When I was a fairy, I used to dance on daffodils. I used to bounce on blueberries and ride on raindrops. When I was a fairy, mountains were molehills. Back when I was a fairy … I’d almost forgot.
Earlier this month, we released the beautiful picture book When I Was A Fairy, about magical creatures young and old, and the love between a child and their grandparent. We sat down with the author, Tom Silson, to ask about his inspiration behind the story and discover how the fairy universe inside the book came to be…
Flying Eye Books: Hi Tom! Can you tell us about how When I Was a Fairy started for you? What inspired you to start this project?
TS: The first idea for the book actually came from my eldest daughter. We were walking through some woods close to our home and talking about what (or who) we might meet, when she suddenly pointed to a tree and said “when I was a fairy, I used to live here”. I immediately imagined an old fairy talking to a younger child recounting past adventures and thought it was something to explore further.
FEB: The book focuses on the stories passed from grandparent to grandchild – what inspired you to highlight this relationship?
TS: Our family loves stories. Whether they be ones made up at bedtime or past tales of (mostly) misadventures from when I was a child!
It took me by surprise just how lovely it was to see how much the children got out of spending time with their grandparents and how the grandchildren, in turn, gave their grandparents a renewed sense of energy. It also reignited stories their grandparents wanted to share (and the children wanted to listen to).
FEB: Is there a particular message you want to teach children through When I Was a Fairy?
TS: Old people (myself included) used to have adventures and they like nothing better than being asked to talk about it!
My children ask questions (incessantly) and I am fascinated by their imagination, openness and yearning to believe in what answers they are given. I love seeing their genuine intrigue in asking their grandparents questions about what they used to be like and what they used to do.
I wanted the book to focus on this relationship as it is something I think grandparents love about spending time with their grandchildren.
FEB: We love the way the book is written as a rhyming poem – why did you choose to write in this style?
TS: I have always really enjoyed reading and writing in rhyme. My Dad used to read us silly poems when I was little, and I can remember wanting to write poems at school whenever I could. This has continued as I’ve got older and whenever I have the chance to write creatively, I naturally try to find words that rhyme as this is where I feel most comfortable.
FEB: What is your favourite part of the magical fairy universe that you created?
TS: I can vividly remember writing the verse about meandering through meadows and lazy rambles through brambles on a really sunny summer morning as I was walking our dog through a local field next to a small stream.
My children also love picking blackberries (and then eating the crumble that follows) and seeing Ewa’s amazing picture of this captures the feel of that morning and it is one of my favourite pages in the book.
FEB: What was it like to see your words come to life with Ewa’s illustrations?
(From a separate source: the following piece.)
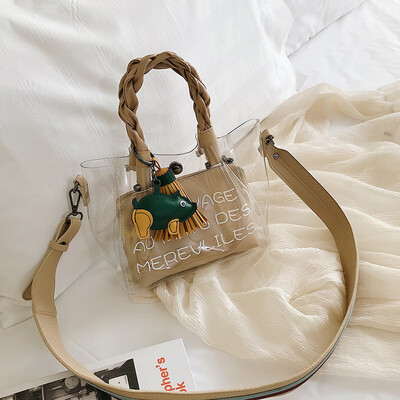Net Red Transparent Bag 2019 New Japanese&Korean Jelly Transparent Bag Bag Bag Broadband Oblique Pocket
Net Red Transparent Bag 2019 New Japanese&Korean Jelly Transparent Bag Bag Bag Broadband Oblique Pocket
Ewa brought the Fairy world to life in a way I could never have imagined. She has added so many tiny details to each picture, they are fabulous. I could not have wished for better illustrations!
FEB: The physical copies of When I Was a Fairy are now out in the shops and in readers hands! What has been your favourite part about making the book?
TS: I think finally holding the book and seeing the brilliant job that Flying Eye had done to create a really magical book was so rewarding. I will always remember when my eldest daughter read the book to me and couldn’t believe the book had her name and that of her sister and brother.
FEB: Finally, do you have any advice you would like to share with writers who want to create children’s books?
TS: Be interested in what’s going on around you. If you have the chance to speak to children, do. Ask them questions and listen to their answers. Their imagination and view of the world is unique and can be quite insightful.*
Write whatever stories come to mind. They might not always work, but if you never start them, the story will be lost.
Finally, be brave. Believe in your story and do not be afraid to submit it for consideration. You never know what might happen……
*This may not always be the case.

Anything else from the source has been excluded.